The difference of squares is a mathematical identity or pattern used to simplify expressions. It is defined by the equation \((a^2 - b^2 = (a-b)(a+b)\). This formula helps simplify expressions that follow the structure of a squared value minus another squared value.

With the example of rationalizing the denominator from earlier:

• Apply \((\sqrt{z} - 3)(\sqrt{z} + 3)\)
• This becomes \((\sqrt{z})^2 - (3)^2 = z - 9\)

This formula efficiently simplifies the denominator, leaving it with no radical. This step is crucial in rationalizing the entire expression, as it allows you to re-write the expression in a simpler, more easily understandable form.

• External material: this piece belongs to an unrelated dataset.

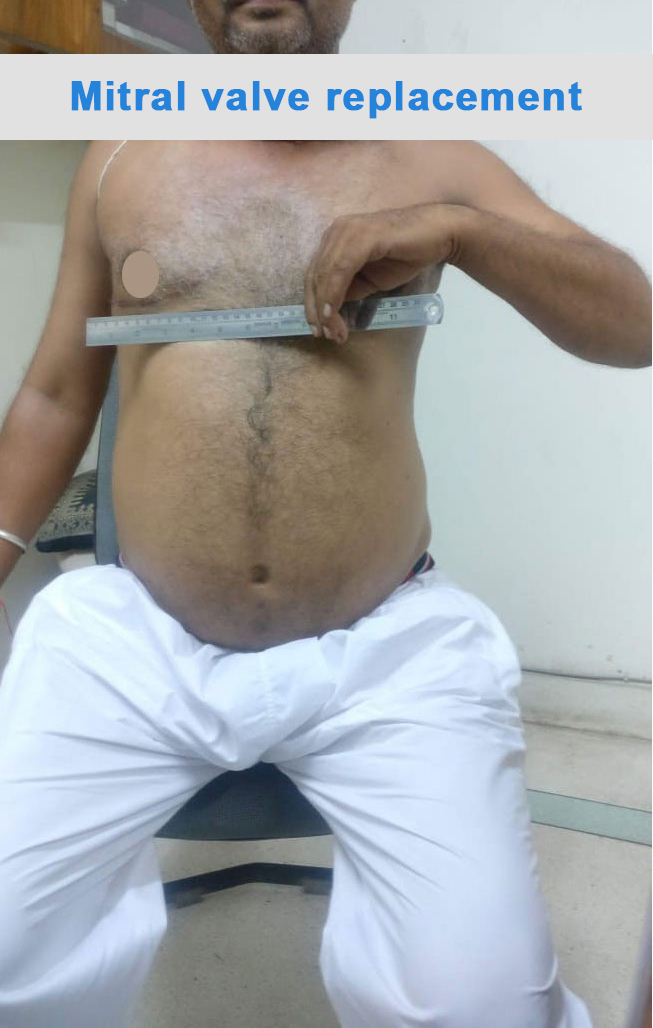 MVR - Mitral Valve Replacement surgical photo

Simplifying radicals is about expressing radical expressions in their simplest form. Radicals can often be seen in algebra and mathematics, but when left unsimplified, they can make expressions confusing or needlessly complex. Simplifying radicals involves a few steps:

• Factor the expression to find perfect squares within the radical
• Remove these squares by calculating their square roots
• Simplify any remaining radicals

In the process of rationalizing \(\frac{\sqrt{z}}{\sqrt{z} - 3}\), simplifying radicals isn't particularly aimed at the numerator. However, understanding simplification is essential in algebra. By simplifying radicals, we often achieve nicer expressions, especially when later used in operations like addition or subtraction, where terms need to be more coherent and manageable. Moreover, clear expression simplification aids in recognizing patterns and making further algebraic manipulations more feasible.